◆ **WHAT IS EXPECTED**:
Copy out once more, exactly, the line with "this 1024×681 image." and all the lines after it, up to the last line of the data.

◆ **DATA FOR PROCESSING**:
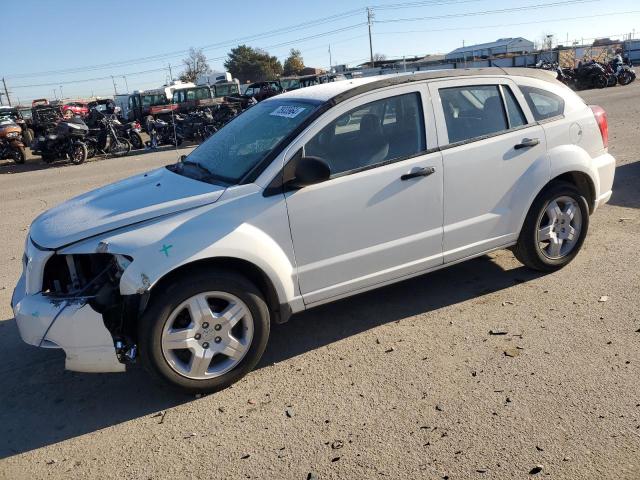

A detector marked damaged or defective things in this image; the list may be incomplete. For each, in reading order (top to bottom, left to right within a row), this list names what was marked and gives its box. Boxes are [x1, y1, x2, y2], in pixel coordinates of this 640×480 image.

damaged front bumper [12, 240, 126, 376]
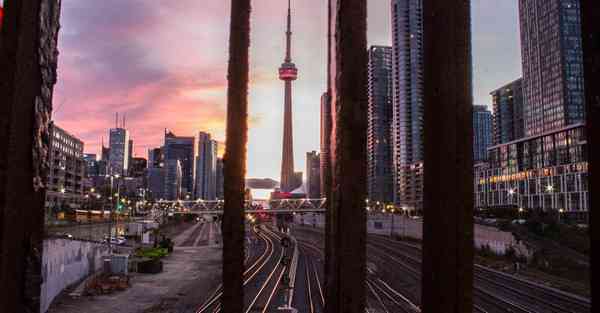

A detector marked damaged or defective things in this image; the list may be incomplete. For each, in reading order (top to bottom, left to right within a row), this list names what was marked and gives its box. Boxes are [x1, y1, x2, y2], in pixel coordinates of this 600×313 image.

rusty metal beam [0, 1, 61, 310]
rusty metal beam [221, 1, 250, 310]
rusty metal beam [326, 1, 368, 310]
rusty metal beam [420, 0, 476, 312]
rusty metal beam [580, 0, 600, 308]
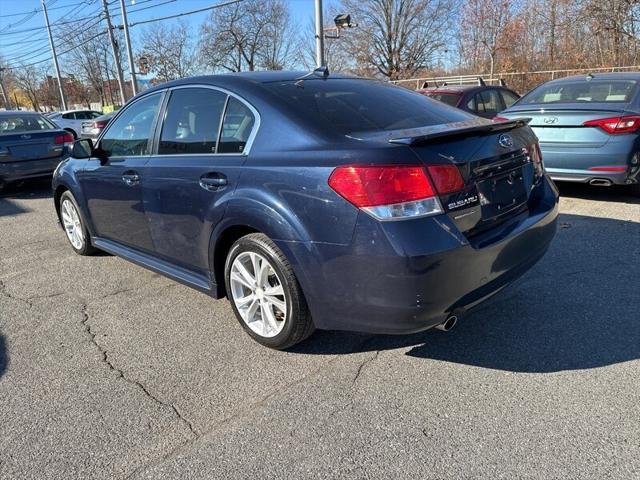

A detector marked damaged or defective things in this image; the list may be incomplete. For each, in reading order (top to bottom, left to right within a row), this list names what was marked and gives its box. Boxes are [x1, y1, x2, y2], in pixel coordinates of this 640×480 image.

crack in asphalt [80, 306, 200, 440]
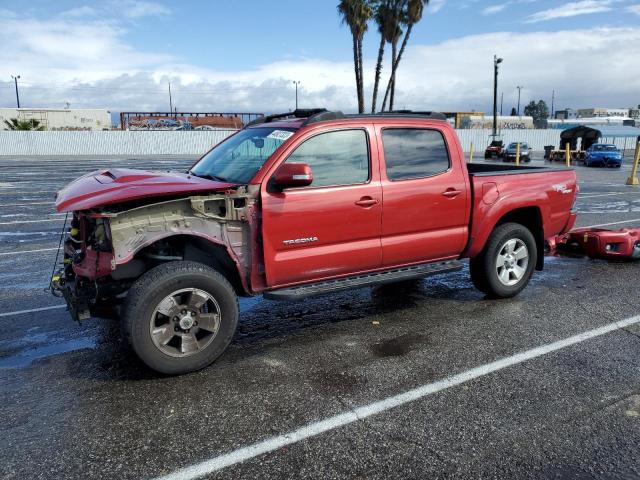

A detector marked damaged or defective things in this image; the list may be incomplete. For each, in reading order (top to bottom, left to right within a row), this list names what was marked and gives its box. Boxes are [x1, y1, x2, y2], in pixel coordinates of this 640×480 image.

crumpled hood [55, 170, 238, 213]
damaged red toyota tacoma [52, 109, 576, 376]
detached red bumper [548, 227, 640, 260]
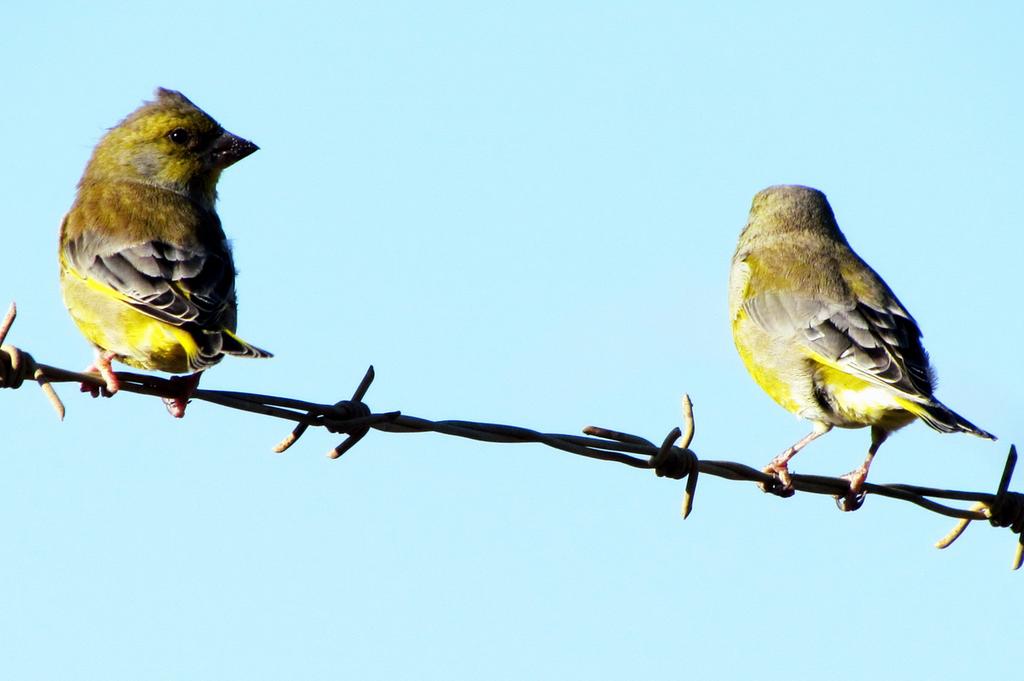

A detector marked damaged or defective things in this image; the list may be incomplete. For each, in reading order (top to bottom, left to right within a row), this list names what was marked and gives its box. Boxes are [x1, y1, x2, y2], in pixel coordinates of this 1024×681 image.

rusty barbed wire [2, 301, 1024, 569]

◆ **RESPONSE TO THE EXERCISE**:
A detector marked damaged or defective things in this image; the list may be incomplete. For each, in reading order (top to bottom, left to right within a row), this list names what was marked and gives its box. Boxes are [x1, y1, x2, y2], in pixel coordinates of this 1024×681 image.

rusty barbed wire [2, 301, 1024, 569]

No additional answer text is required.